EntityKey as defined is very well suited as a Map key, and contains uses the EntityKey for just that
Sanne Grinovero
@Sanne
Jan 22 2014 18:00
it doesn't take very long, but it's responsible for a large % of the EntityKey instances still being allocated after our first round of cleanups
Steve Ebersole
@sebersole
Jan 22 2014 18:02
ok, so it is strictly an allocation fix
Not sure what to say tbh. I understand the desire to remove the allocations, but to me I just keep coming back to the question of the readability of contains(Object,int) versus contains(EntityKey)
Object, int is about as non-directive as you can get
( technically it would be Serializable, int )
Sanne Grinovero
@Sanne
Jan 22 2014 18:06
yea I'm with you on that. I just couldn't think of something better than to overhaul the whole internal container .. :worried:
Steve Ebersole
@sebersole
Jan 22 2014 18:07
how about a compromise : contains(Serializable, EntityPersister)
Sanne Grinovero
@Sanne
Jan 22 2014 18:07
we'd probably just need to focus on your other fix, the one you identified yesterday, and then get new figures to see where we stand
Steve Ebersole
@sebersole
Jan 22 2014 18:07
in terms of API its little more directive; still avoids the need for allocating a key object; and can still use the type of structures you suggest interanlly
my "other fix"... you mean a singleton entry for uninitialized entities?
Sanne Grinovero
@Sanne
Jan 22 2014 18:08
that compromise doesn't look too bad. I'm just a bit afraid that it's going to navigate in two hashmaps, so while we relax the allocation cost it might fire back on CPU cost..

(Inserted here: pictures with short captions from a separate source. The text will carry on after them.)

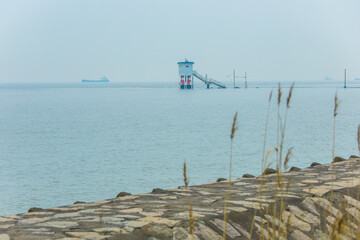 Seawall and reed marshes on Hengsha Island, Chongming District, Shanghai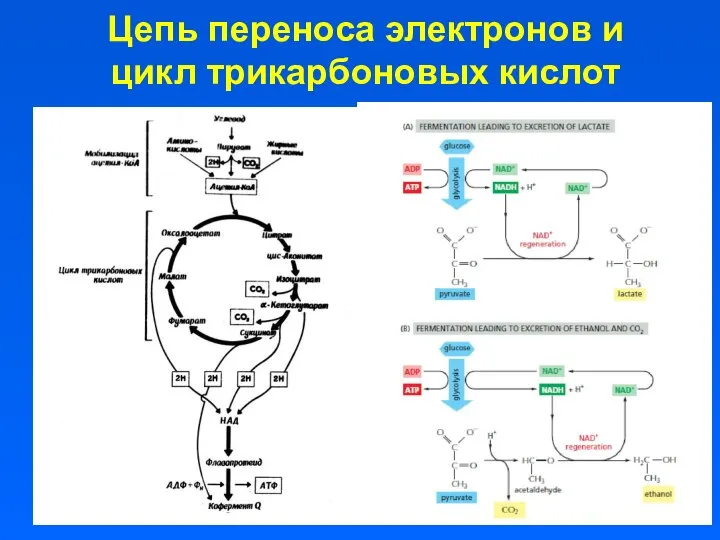 Цепь переноса электронов и цикл трикарбоновых кислот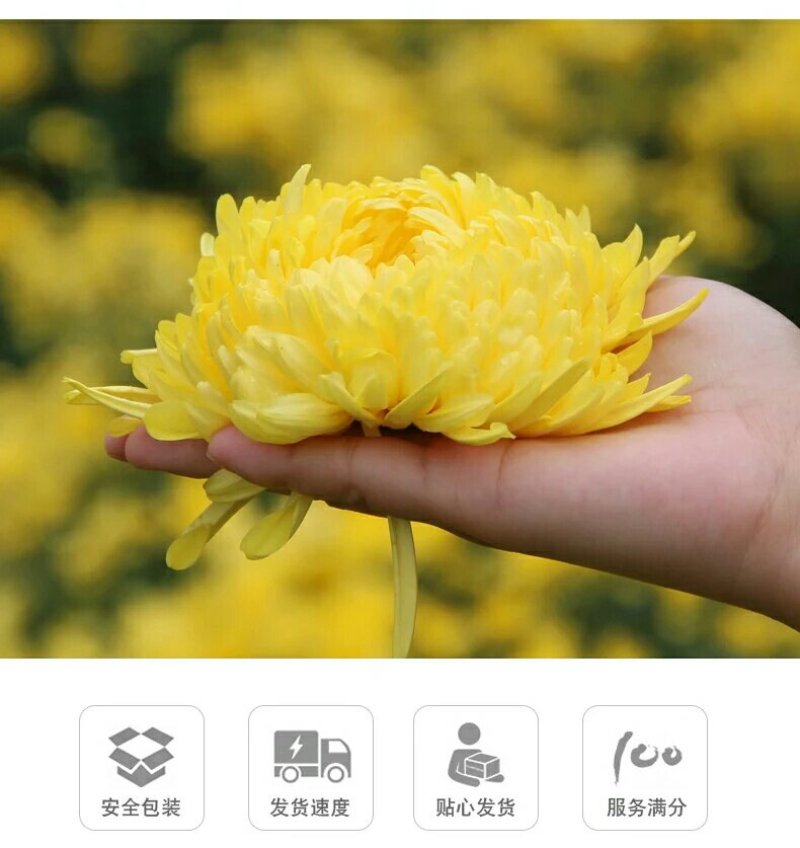 菊花茶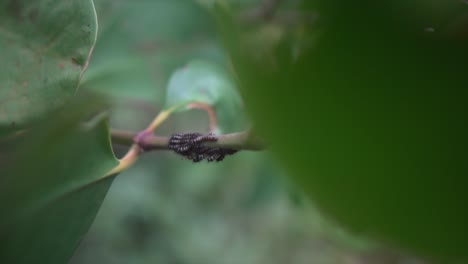 toma macro de orugas en una rama, lista para que su metamorfosis se convierta en mariposa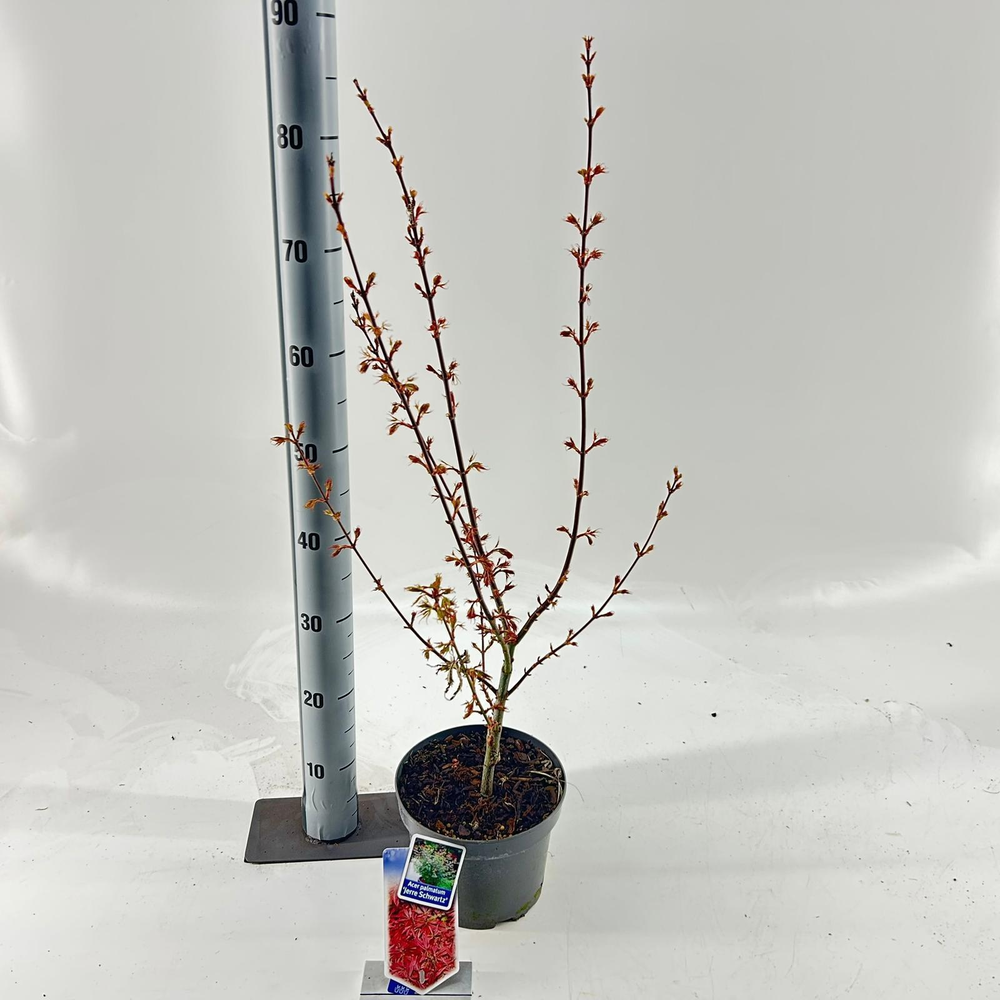 Acer pal. 'Jerre Schwartz'.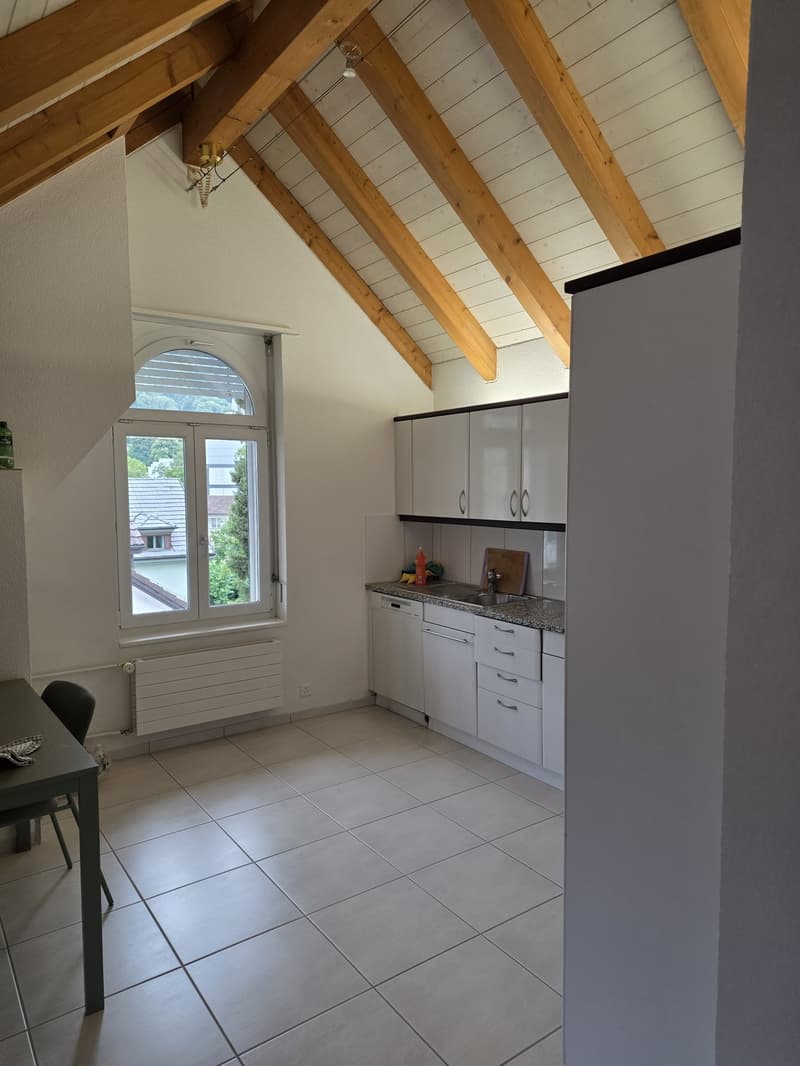 2.5-Room Apartment in Adliswil - 2.5-Zimmer-Wohnung (5)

yes, the HHH issue you shared with stale yesterday
Steve Ebersole
@sebersole
Jan 22 2014 18:09
not necessarily wrt 2 map lookups
like I said above, if EntityPersister knows about its ordinal...
Sanne Grinovero
@Sanne
Jan 22 2014 18:10
oooooh right love that
Steve Ebersole
@sebersole
Jan 22 2014 18:10
wrt HHH and EntityEntry, there is a rub
which is why i started explaining the trinity
today EntityEntry is used to hold what is conceptually (and physically) the EntityKey
which precludes it from being used in a singleton manner
we wold need to devise a way to remove the {persister,id} info from EntityEntry
Sanne Grinovero
@Sanne
Jan 22 2014 18:26
you need those values even for the "placeholder" use case?
Steve Ebersole
@sebersole
Jan 22 2014 18:27
again @Sanne this goes back to the fact that I cannot resolve these things completely reflexively
given an EntityEntry (aside from the values stored on EntityEntry) there is no way for me to know the entity instance nor the key to which it corresponds
thats what needs to be addressed
Sanne Grinovero
@Sanne
Jan 22 2014 18:48
right, but for the placeholder case I thought you would replace the EntityEntry instance - which is very large - with some very small object, which only has essentially the usual couple to identify what exactly is being placeholded for
interestingly it's another situation in which the placeholder could essentially be the {id} without any wrapping, if you happen to store these in separate containers for each type
Steve Ebersole
@sebersole
Jan 22 2014 19:06

The idea was to use a single(ton) EntityEntry instance for all the uninitialized cases. But the end-game is the same no matter what, we need to be able to resolve the "entity key" info given a EntityEntry.

I don't think forcing some other type of object into the EntityEntry maps is a good choice. You are just asking for problems imho.